Another shot rang out from the woods, and this time Tarrant answered with gunfire. The sharp report rang in Damien’s ear as he staggered to his feet. In the distance he heard someone cry out in pain and surprise, and a crashing that might be the fall of a body. Hesseth’s bolt whizzed past them as Tarrant reached out a hand for him. Damien grasped him tightly about the wrist, felt Tarrant’s ice-cold fingers close like a vise about his own wrist as the Hunter’s booted foot kicked out of its stirrup, freeing the metal ring for Damien’s use. Pain shot up his damaged arm like fire as he caught it with his toe and vaulted up onto the black horse’s back. The back edge of the saddle rammed into his crotch, but he stayed there, stayed there despite the blinding pain, afraid to slide back for fear he would fall off, unable to slide forward. Praying like he had never prayed before.
The black horse followed Hesseth’s past the mouth of the crevasse and into the darkness beyond. In the distance Damien could hear his own horse squealing, and he hoped that in its dying madness it would at least provide an obstacle for the armed men who were sure to follow. The walls of the crevasse scraped against them as the horses struggled along its jagged bottom. Damien had gotten a firm enough knee-grip on the horse’s flanks that his crotch was no longer slamming down onto the saddle with every step—thank God for that—and he watched the chasm walls pass by all too slowly, as the horses picked their way in near-darkness over boulders and crevices and water-filled potholes. Damien was painfully aware of how precariously those tons of rocks overhead seemed to be balanced, of how very close the looming walls were pressed against them. If there were an aftershock now ... but no, he mustn’t think of that. Just keep riding. Just hang on. They were committed now, for better or for worse, and there was nothing they could do one way or the other to save themselves if an earthquake did come. Not without being able to Work.

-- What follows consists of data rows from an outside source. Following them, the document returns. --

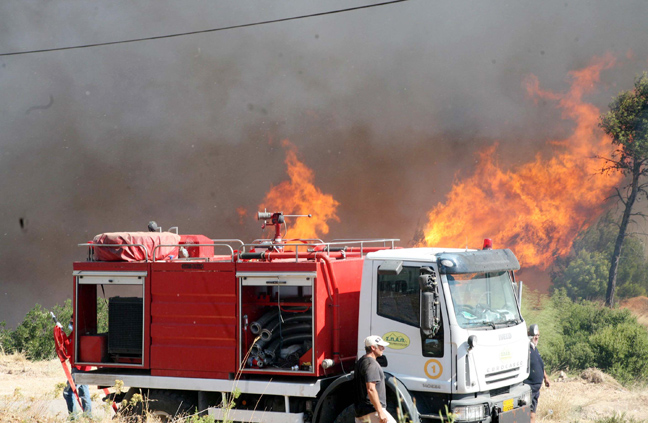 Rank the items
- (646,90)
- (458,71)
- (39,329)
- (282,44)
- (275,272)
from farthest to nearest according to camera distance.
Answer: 1. (282,44)
2. (458,71)
3. (646,90)
4. (39,329)
5. (275,272)

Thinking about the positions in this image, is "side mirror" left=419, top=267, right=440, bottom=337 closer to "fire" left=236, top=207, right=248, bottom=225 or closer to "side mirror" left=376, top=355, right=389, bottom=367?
"side mirror" left=376, top=355, right=389, bottom=367

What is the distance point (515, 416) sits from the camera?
686 cm

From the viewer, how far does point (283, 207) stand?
2323 cm

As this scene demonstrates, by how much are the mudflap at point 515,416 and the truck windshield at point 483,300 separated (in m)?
0.97

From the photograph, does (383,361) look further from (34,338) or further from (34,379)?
(34,338)

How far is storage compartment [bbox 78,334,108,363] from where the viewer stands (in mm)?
8461

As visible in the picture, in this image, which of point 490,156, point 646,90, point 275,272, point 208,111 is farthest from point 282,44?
point 275,272

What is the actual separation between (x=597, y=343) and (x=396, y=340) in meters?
8.89

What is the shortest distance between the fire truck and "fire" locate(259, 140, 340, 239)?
1365 cm

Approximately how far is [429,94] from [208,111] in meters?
9.43

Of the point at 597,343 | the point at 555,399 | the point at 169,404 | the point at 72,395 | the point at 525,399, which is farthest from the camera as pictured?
the point at 597,343

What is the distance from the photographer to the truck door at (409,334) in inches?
257

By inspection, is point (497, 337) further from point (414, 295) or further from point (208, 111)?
point (208, 111)

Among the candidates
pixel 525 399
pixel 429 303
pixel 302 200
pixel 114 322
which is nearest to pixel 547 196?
pixel 302 200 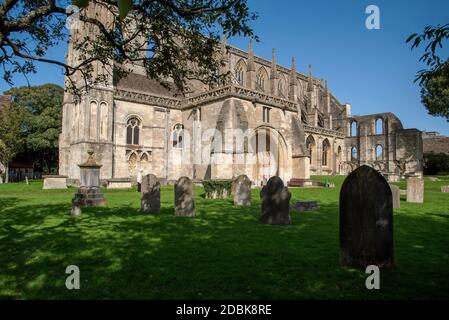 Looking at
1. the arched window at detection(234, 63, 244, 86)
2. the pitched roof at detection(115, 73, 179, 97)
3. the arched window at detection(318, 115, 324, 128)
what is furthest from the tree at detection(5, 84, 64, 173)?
the arched window at detection(318, 115, 324, 128)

If it shakes, it shakes. If we die, we die. Better come to terms with that now
.
It seemed they rode for eternity like that, but in fact it could have been no more than mere minutes. Damien’s chest and arms were chilled from contact with the unearthly cold of the Hunter’s body, but he managed to hang on to the man. Behind him the priest could hear cries of pursuit; they were not nearly as far behind them as he would like.
We’re not going to make it
, he thought. Fear churned coldly in his gut.
The horses just can’t do it
. Then, to his immense relief, the chasm floor evened out somewhat. Hesseth’s mount bolted forward, and Tarrant’s horse followed suit. But though they were able to pull ahead of their pursuers for a time, so that their cries no longer echoed behind them, Damien knew that the change was only temporary. And when the horses pulled up short before a veritable obstacle course of fallen boulders, he knew with dread certainty that they weren’t going to make it through fast enough. They were going to have to take a stand and fight.